**Supplied material:**

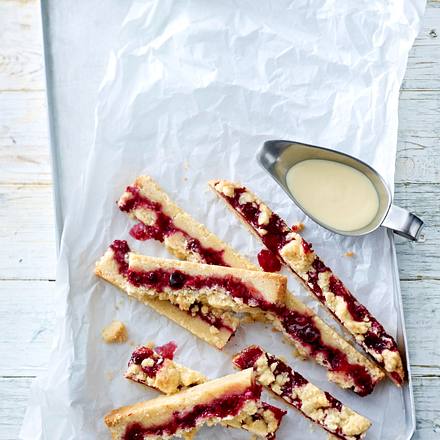 Shortbread Crumble Bars mit roter Grütze Rezept Shortbread Crumble Bars mit roter Grütze Rezept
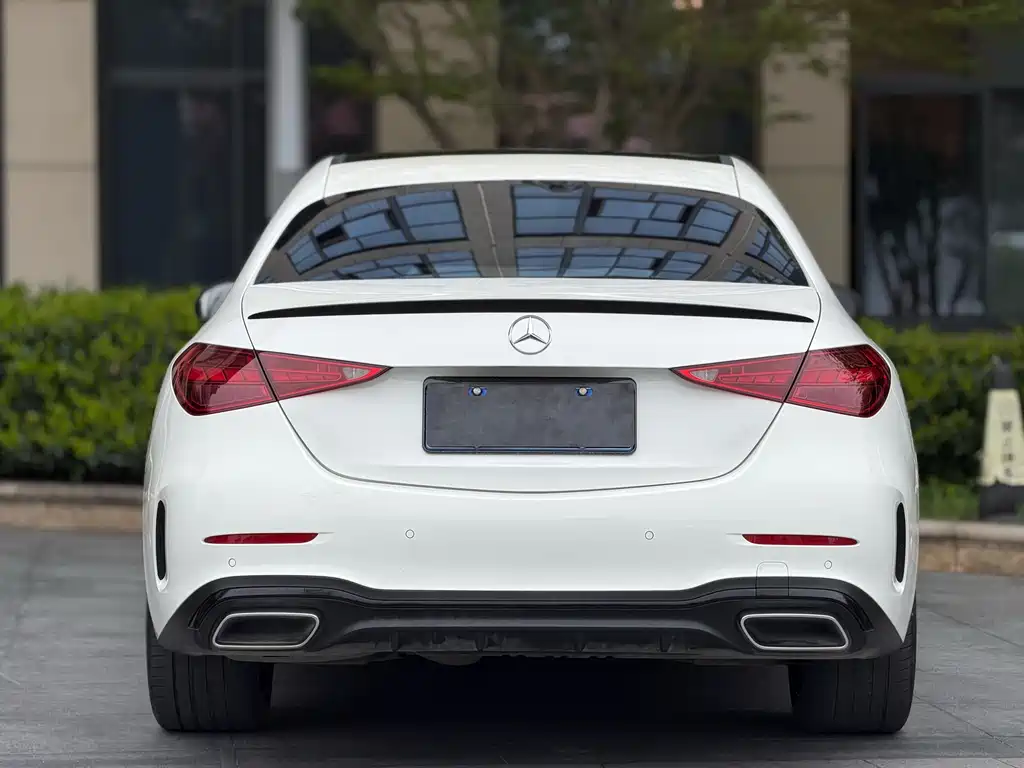 Mercedes-Benz C-Class 2023 — фото 9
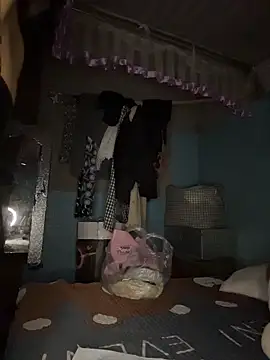 NinaChu online show from 10-17-25, 02:19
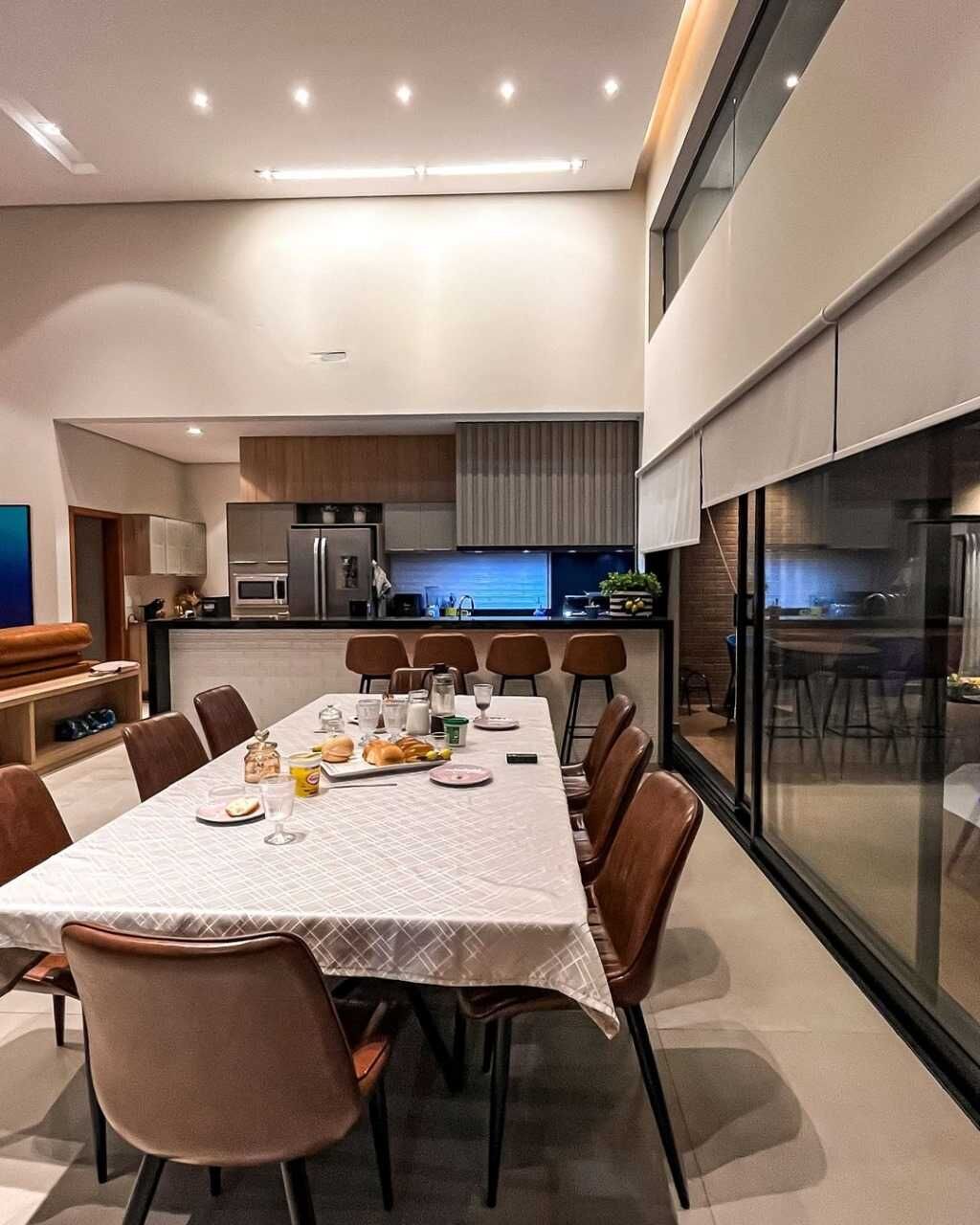 Casa à venda com 3 quartos, 265m² - Foto 17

**Activity:** Restate the material word for word; no picture should appear in the copy.

**Solution:**
 Shortbread Crumble Bars mit roter Grütze Rezept Shortbread Crumble Bars mit roter Grütze Rezept
 Mercedes-Benz C-Class 2023 — фото 9
 NinaChu online show from 10-17-25, 02:19
 Casa à venda com 3 quartos, 265m² - Foto 17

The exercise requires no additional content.